#### [Exercise objective]
Reproduce all the entries exactly and keep the pictures out.

*** Begin section ***

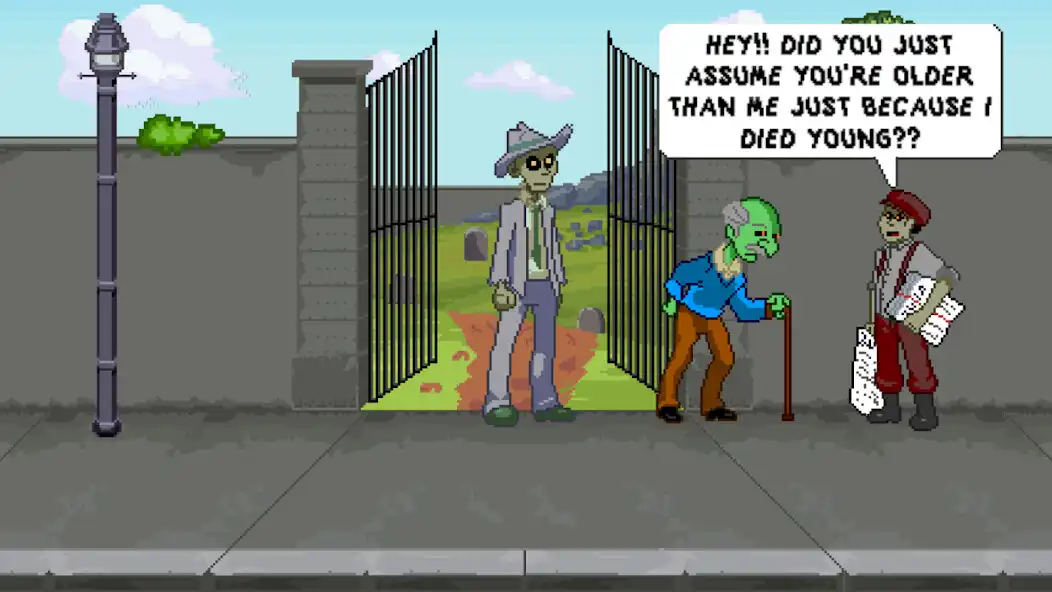 Play Dead Detective: A New End as an online game online Dead Detective: A New End with UptoPlay Play Dead Detective: A New End as an online game Dead Detective: A New End with UptoPlay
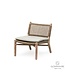 Easy chair Fiona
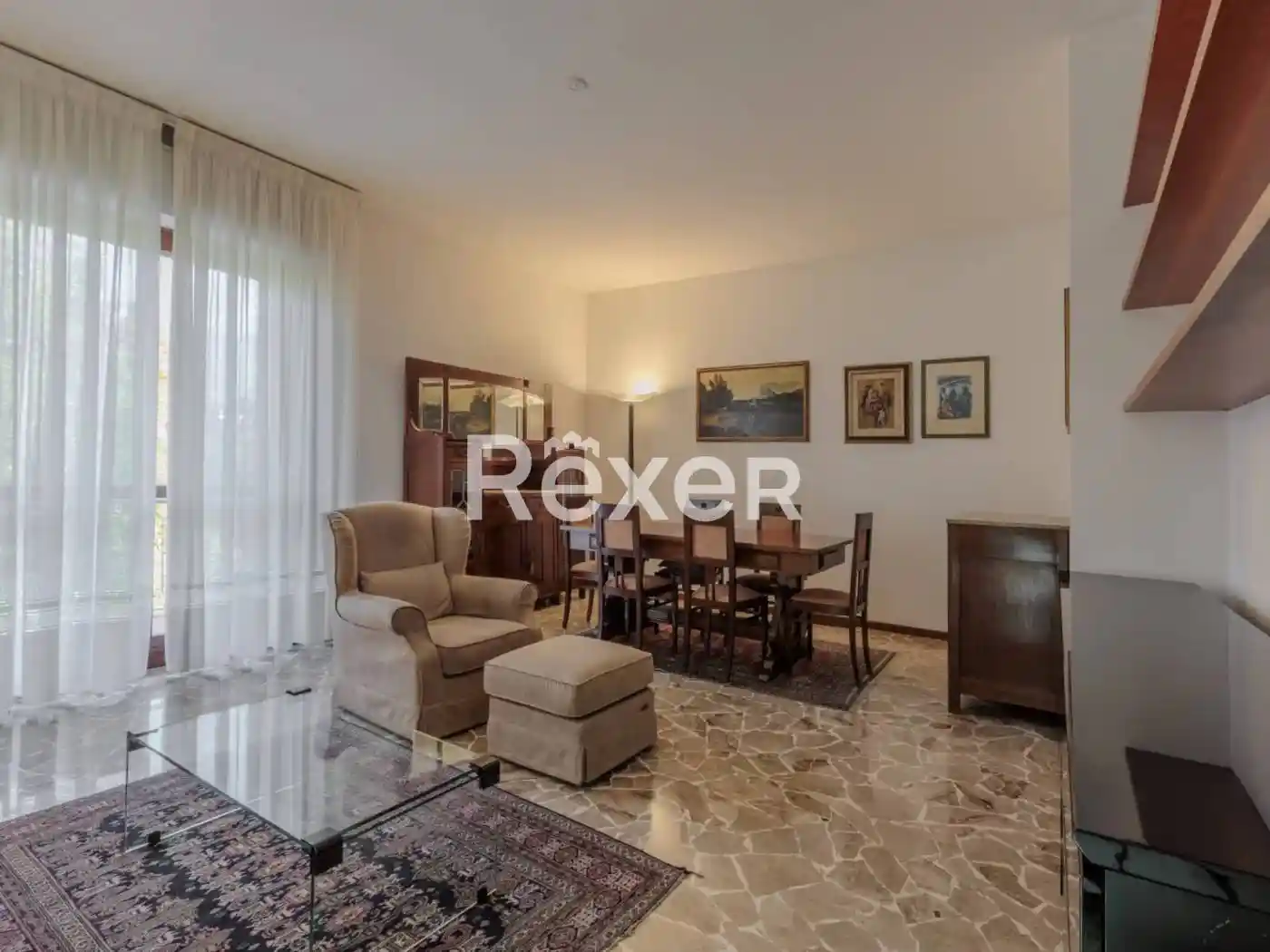 Trilocale via del Guerino, 5a, Conca Fiorita, Bergamo - foto 4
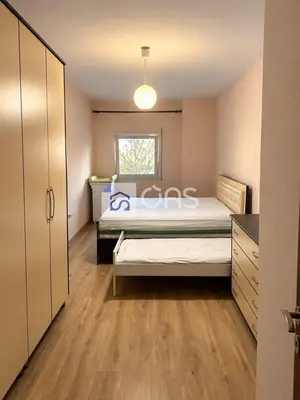 Apartament 1+1 me qera në Ali Demi, Tiranë, 70 m². Foto 2 nga 7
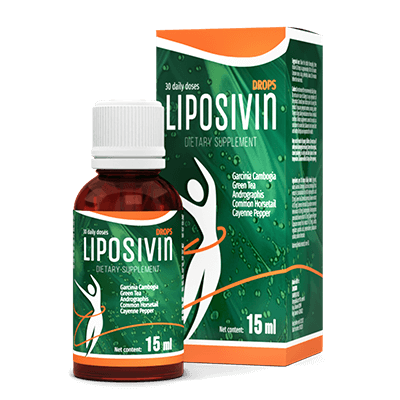 Liposivin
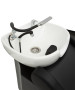Pibbs P650 Italian Head Spa Waterfall Attachment for Shampoo Bowls-image3
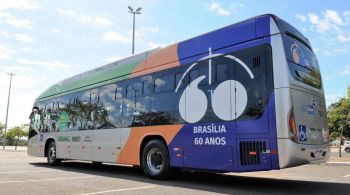 Alternativa para a descarbonização, os elétricos representam menos de 1% da frota da rede pública de transporte coletivo do país 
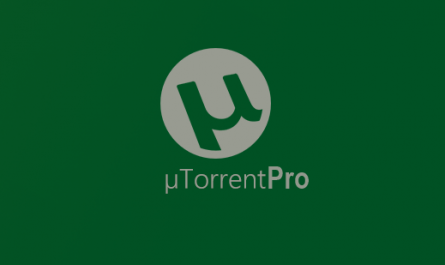 uTorrent Pro 3.6.6.44841 Crack (64-Bit) Stable for PC Download [Latest Version] Here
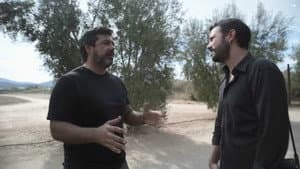Nadie es ilegal. Migrantes de ida y vuelta.
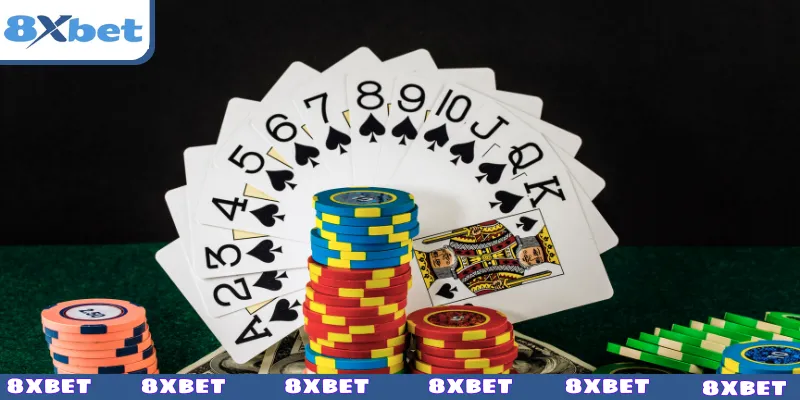 Luật chơi Tiến lên miền Nam phải nằm lòng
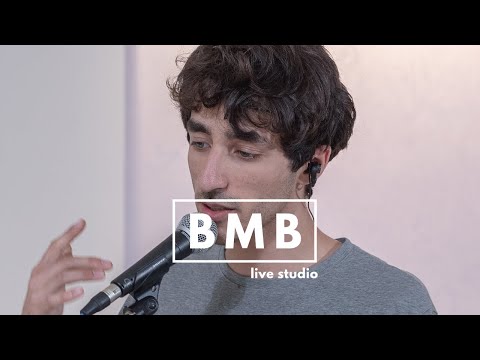 ATARDE - Rooftop | BMB Live Studio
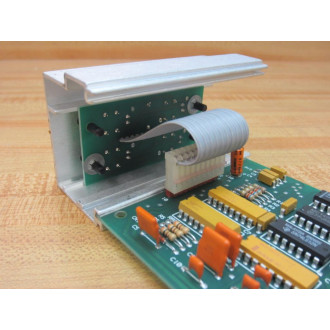 009003-107 Control Board 009003107 - Used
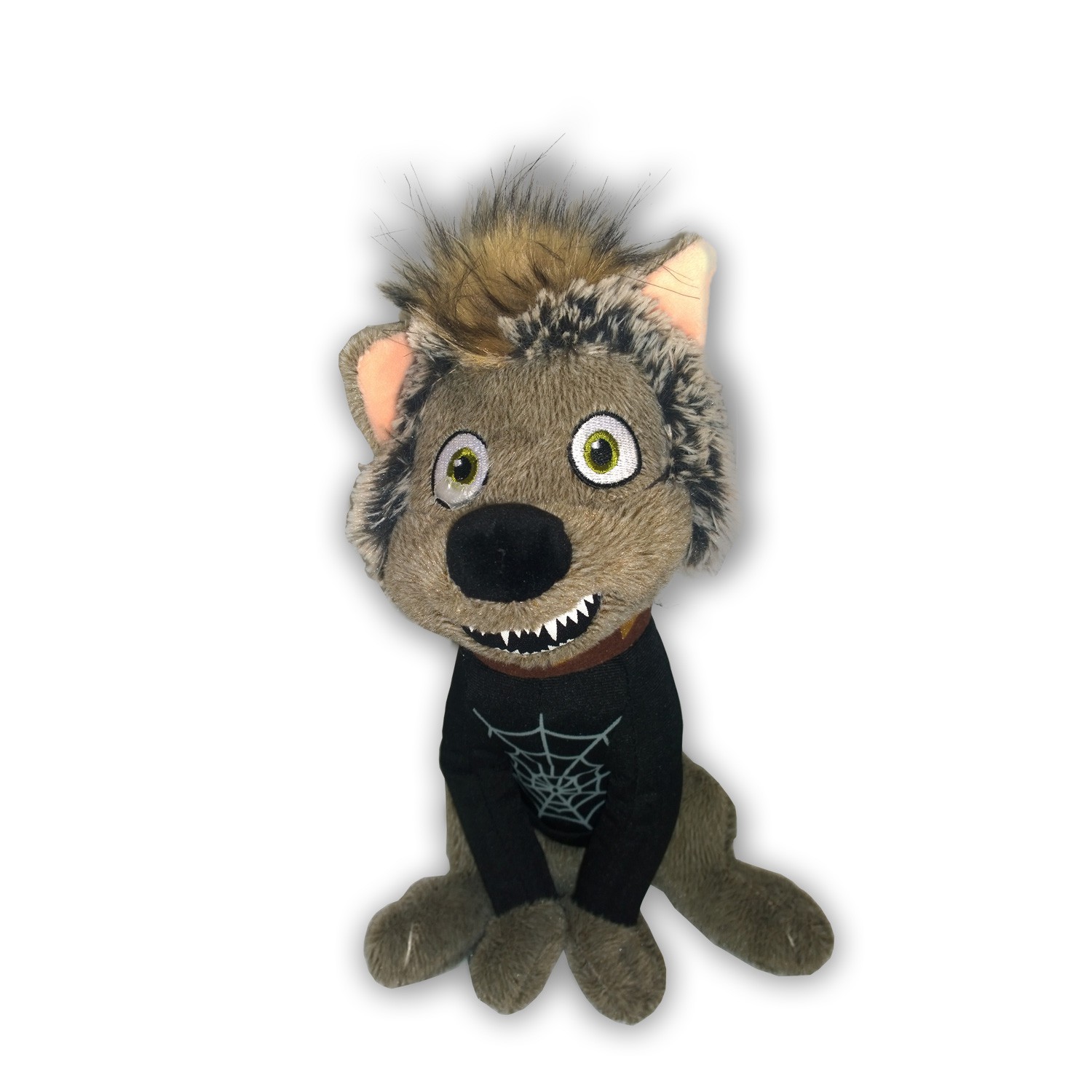 tinkles plush hotel transylvania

*** End section ***

#### [Answer]
 Play Dead Detective: A New End as an online game online Dead Detective: A New End with UptoPlay Play Dead Detective: A New End as an online game Dead Detective: A New End with UptoPlay
 Easy chair Fiona
 Trilocale via del Guerino, 5a, Conca Fiorita, Bergamo - foto 4
 Apartament 1+1 me qera në Ali Demi, Tiranë, 70 m². Foto 2 nga 7
 Liposivin
Pibbs P650 Italian Head Spa Waterfall Attachment for Shampoo Bowls-image3
 Alternativa para a descarbonização, os elétricos representam menos de 1% da frota da rede pública de transporte coletivo do país 
 uTorrent Pro 3.6.6.44841 Crack (64-Bit) Stable for PC Download [Latest Version] Here
Nadie es ilegal. Migrantes de ida y vuelta.
 Luật chơi Tiến lên miền Nam phải nằm lòng
 ATARDE - Rooftop | BMB Live Studio
 009003-107 Control Board 009003107 - Used
 tinkles plush hotel transylvania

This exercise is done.